Firstly, you can only do this if $|b\rangle$ has length 1. If not, you need to rescale it. Let me assume that the vector has $2^n$ elements (if it's not a power of 2, you can pad it with extra 0s). For simplicity, I'm going to assume that $|b\rangle$ is real.

Then, what I'd do is prepare a binary tree of depth $n$. The root just has the value 1. At any layer $k$, you have $2^k$ nodes, and node $i$ is labelled with the total weight of the $i^{th}$ set of $2^{n-k}$ elements. So, at the first layer, the first node has the total weight of the first half of the elements (by weight, I mean "sum of the mod-square"), while the second node contains the weight of the second half. At the second layer, there are four nodes which have the weight of the list when it's split into quarters.

The idea of this is that all the terms in the output with labels $0x$ have total weight equal to the first label on the first layer. That can then be used to split up into the 0 and 1 terms on the second qubit at the second layer, and so on....

How this translates into a quantum circuit...
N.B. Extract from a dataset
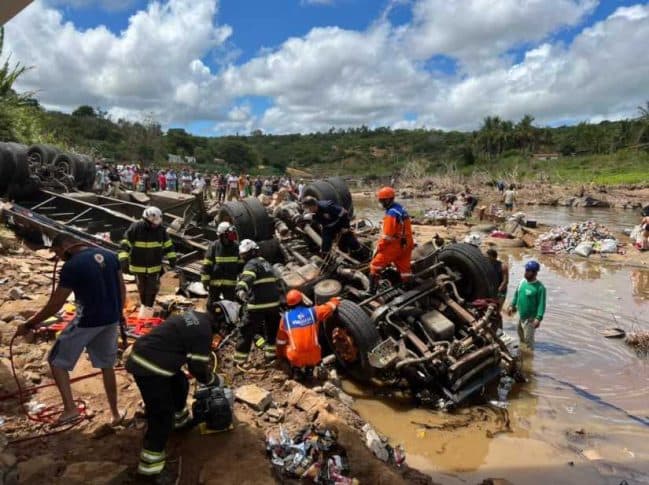 Caminhoneiro fica gravemente ferido e preso às ferragens em colisão frontal entre caminhões na BR-116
  1. Start with all $n$ qubits in the $|0\rangle$ state.
  2. Apply a $Y$ rotation on the first qubit such that the mod-square of the two amplitudes coincide with the weights of the two labels at the first level of your tree.
  3. Apply a controlled-Y rotation, controlled off the first qubit and targetting the second, by an amount such that the mod-square of the 10 and 11 terms match the labels of the third and fourth nodes of the second level of the tree.
  4. Apply a controlled-Y rotation, controlled off the first qubit being 0 and targetting the second, by an amount such that the mod-square of the 00 and 01 terms match the labels of the first and second nodes of the second level of the tree.
  5. Apply a controlled-controlled-Y rotation controlled off the first two qubits and targetting the third qubit such that the mod-square of the 110 and 111 terms match the labels of the seventh and eight nodes of the third level of the tree.
  6. Hopefully you get the pattern by now...

There are definitely simplifications you can make to this procedure, but hopefully this gets you started.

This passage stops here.